**Prompt:** Entries below include pictures. Output exactly the lines from the one with "House Doctor Mold" down to the one with "red hair base with flower crown", both ends included, and leave the pictures out.

**Data for review:**
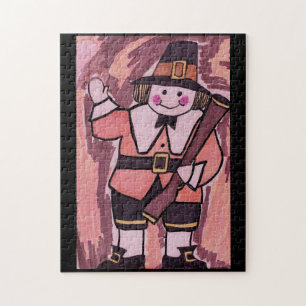THANKSGIVING PILGRIM MAN jigsaw puzzle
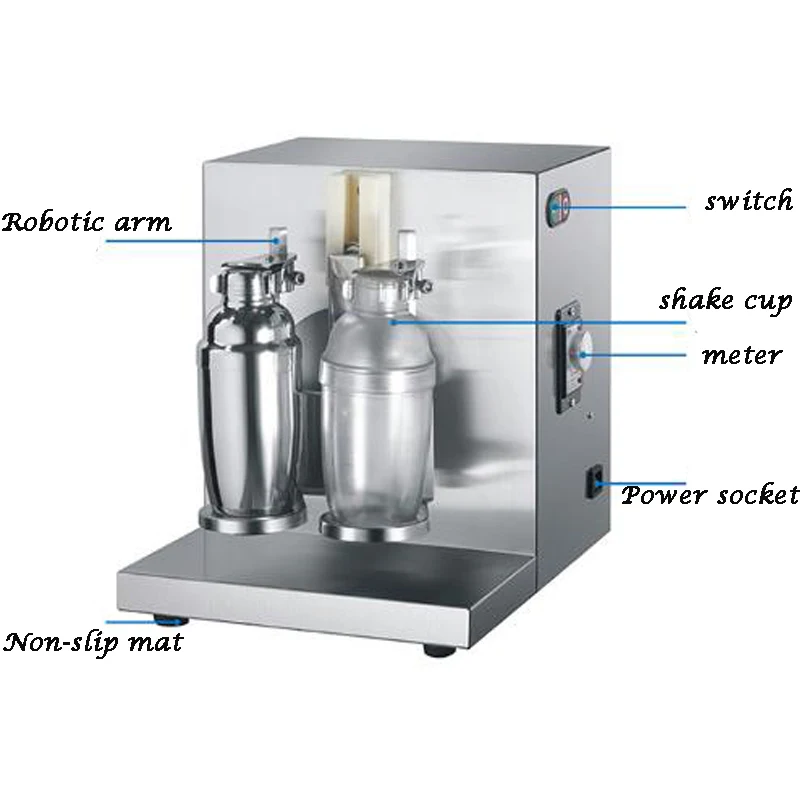 Hot Sale Commercial Use 220v Electric Drink Boba Tea Bubble Tea Shaker Shaking Machine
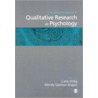 The Sage Handbook of Qualitative Research in Psychology by Willig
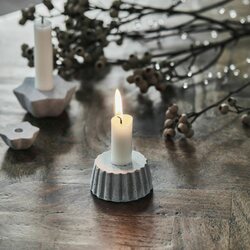 House Doctor Mold Bake candle holder 3 x 7 cm, grey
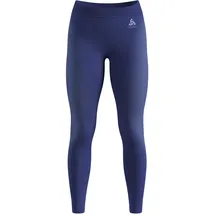 Odlo Performance Warm Eco Big Logo Bottom Long Tight Damen-blau, Größe L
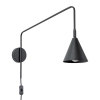 Lampa ścienna na wysięgniku NOX SL.1697 z wtyczką regulowana czarna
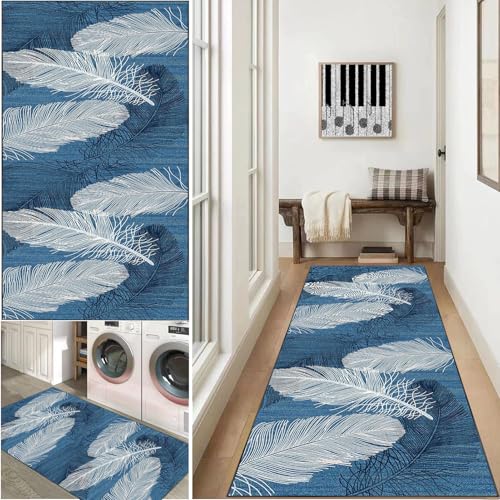 Xiao Ren Läufer Teppich für Flur 70 x 120 cm Küchenteppich Waschbar rutschfest Flur Küchen Teppiche läufer Fußmatte Lang Teppich Läufer für Flur Wohnzimmer von Xiao Ren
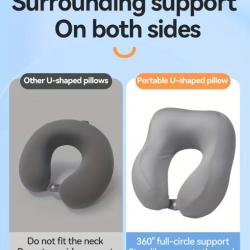 U Shaped Memory Foam Neck Pillow Soft Travel
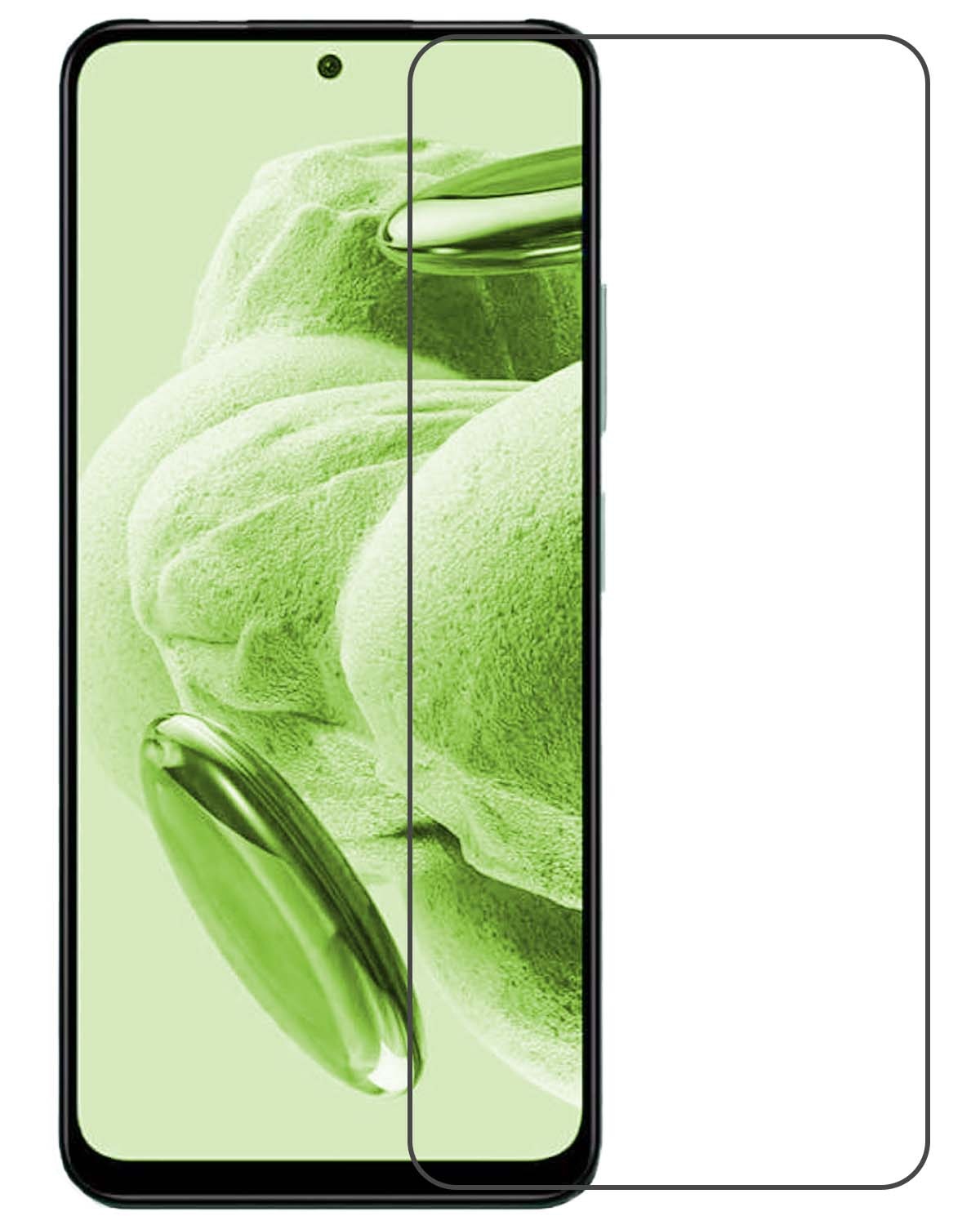 BASEY. Screenprotector Geschikt voor Xiaomi Redmi Note 12 4G Screenprotector Tempered Glass - Screenprotector Geschikt voor Xiaomi Redmi Note 12 4G Beschermglas Screen Protector Glas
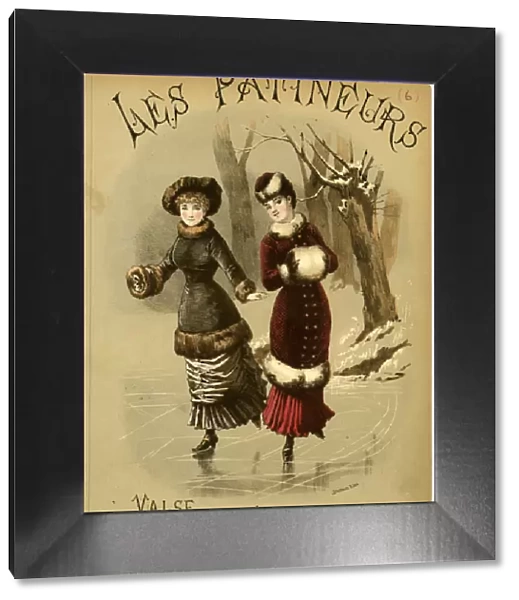 Music cover, Les Patineurs Valse, by Emile Waldteufel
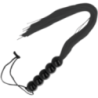 Frusta flogger nera Darkness 45 cm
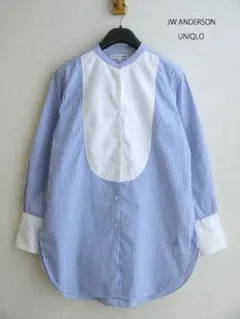 ユニクロ×JW ANDERSON　タキシードストライプロングシャツ♪UNIQLO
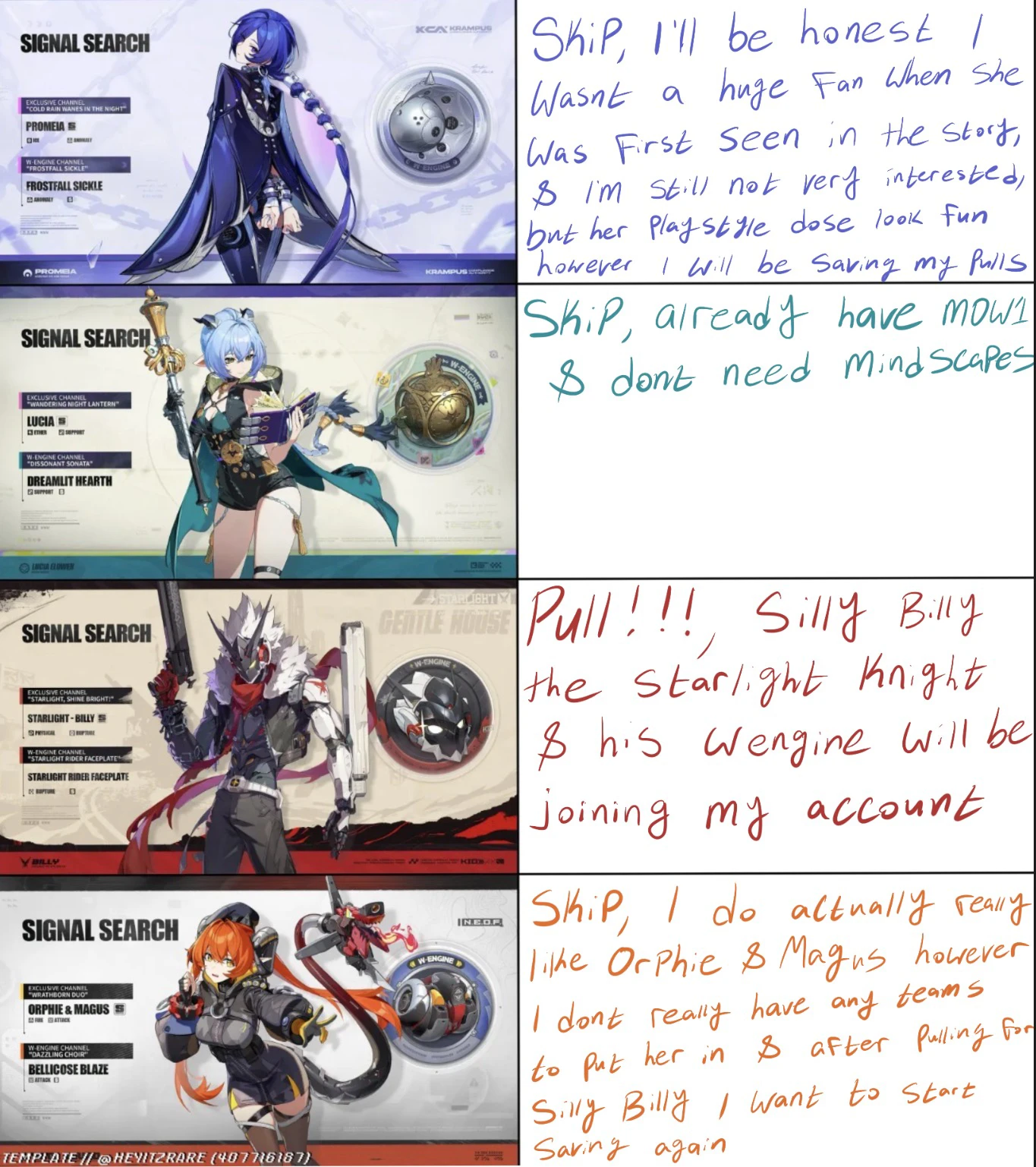 zzz様確認用　zzzおまとめ ZZZ 2.8 pulling plans Zenless Zone Zero | HoYoLAB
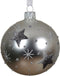 Kerstbal glas d8 cm zilver Q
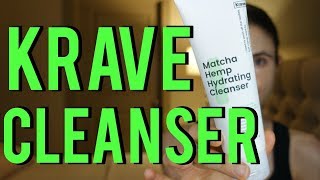 Krave Matcha Hemp Hydrating Cleanser Review Dr Dray 🍵 [upl. by Amoakuh]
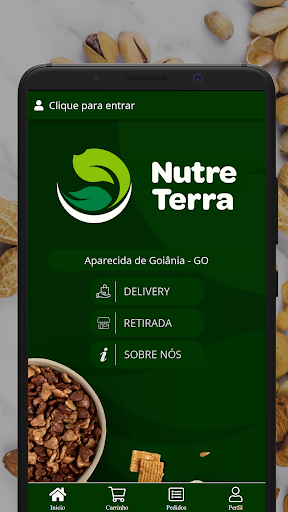 Android application Nutre Terra screenshort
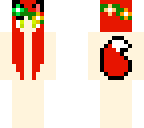 red hair base with flower crown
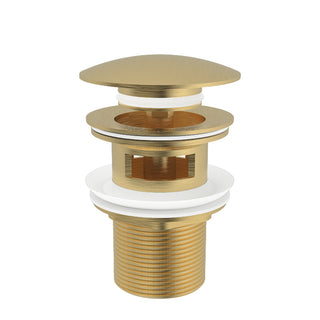 Fienza Metal Cap 32mm Pop-Up Waste with Overflow - Urban Brass - WAS58UB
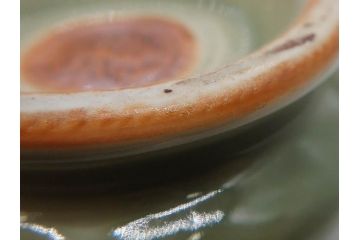 清風与平造　青磁　味わい深い色合いと存在感のある佇まいが目を惹く花入(花生、花瓶、花器、共箱付き)(R-073841)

**Exercise response:**
 House Doctor Mold Bake candle holder 3 x 7 cm, grey
 Odlo Performance Warm Eco Big Logo Bottom Long Tight Damen-blau, Größe L
 Lampa ścienna na wysięgniku NOX SL.1697 z wtyczką regulowana czarna
 Xiao Ren Läufer Teppich für Flur 70 x 120 cm Küchenteppich Waschbar rutschfest Flur Küchen Teppiche läufer Fußmatte Lang Teppich Läufer für Flur Wohnzimmer von Xiao Ren
 U Shaped Memory Foam Neck Pillow Soft Travel
 BASEY. Screenprotector Geschikt voor Xiaomi Redmi Note 12 4G Screenprotector Tempered Glass - Screenprotector Geschikt voor Xiaomi Redmi Note 12 4G Beschermglas Screen Protector Glas
 Music cover, Les Patineurs Valse, by Emile Waldteufel
 Frusta flogger nera Darkness 45 cm
 ユニクロ×JW ANDERSON　タキシードストライプロングシャツ♪UNIQLO
 zzz様確認用　zzzおまとめ ZZZ 2.8 pulling plans Zenless Zone Zero | HoYoLAB
 Kerstbal glas d8 cm zilver Q
 Krave Matcha Hemp Hydrating Cleanser Review Dr Dray 🍵 [upl. by Amoakuh]
 Android application Nutre Terra screenshort
 red hair base with flower crown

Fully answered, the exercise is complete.